_Task prompt_:
Reproduce only what runs from the line containing "Ivory Lace with Bow" to the line containing "2024 Porsche 718 Cayman GT4 RS" in the records below, inclusive. Keep it exact, and keep the pictures out.

_Exercise material_:
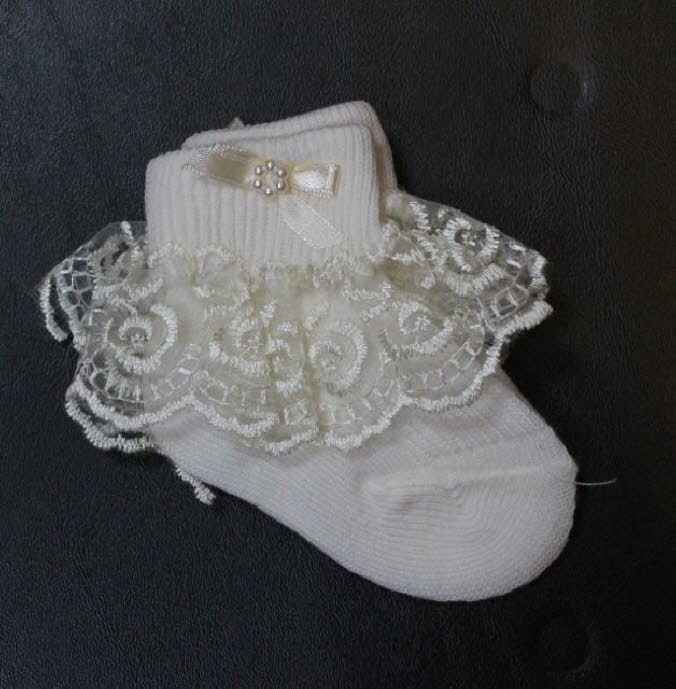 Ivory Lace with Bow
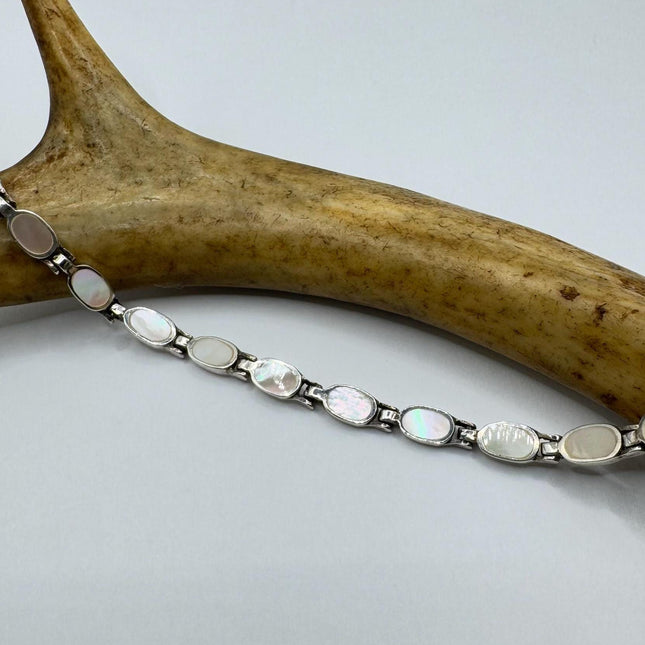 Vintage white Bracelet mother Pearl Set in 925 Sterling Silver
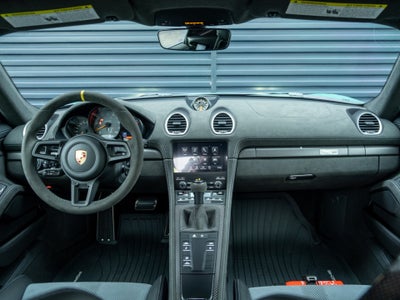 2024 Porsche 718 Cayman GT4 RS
==
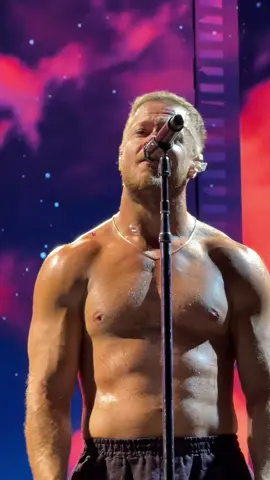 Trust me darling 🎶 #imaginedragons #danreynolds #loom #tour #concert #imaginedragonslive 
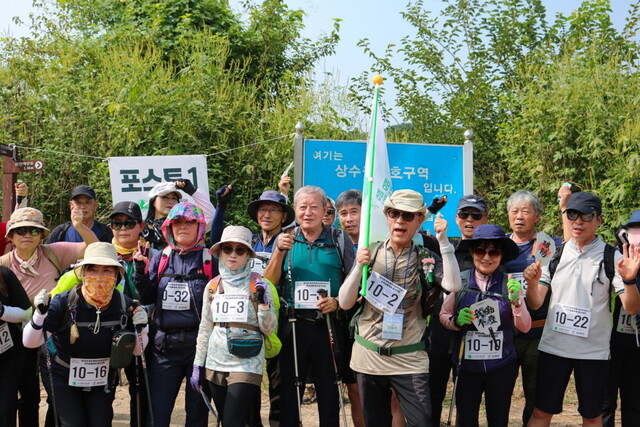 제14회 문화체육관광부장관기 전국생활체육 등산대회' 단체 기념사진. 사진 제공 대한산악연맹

_Output for this task_:
 Ivory Lace with Bow
 Vintage white Bracelet mother Pearl Set in 925 Sterling Silver
 2024 Porsche 718 Cayman GT4 RS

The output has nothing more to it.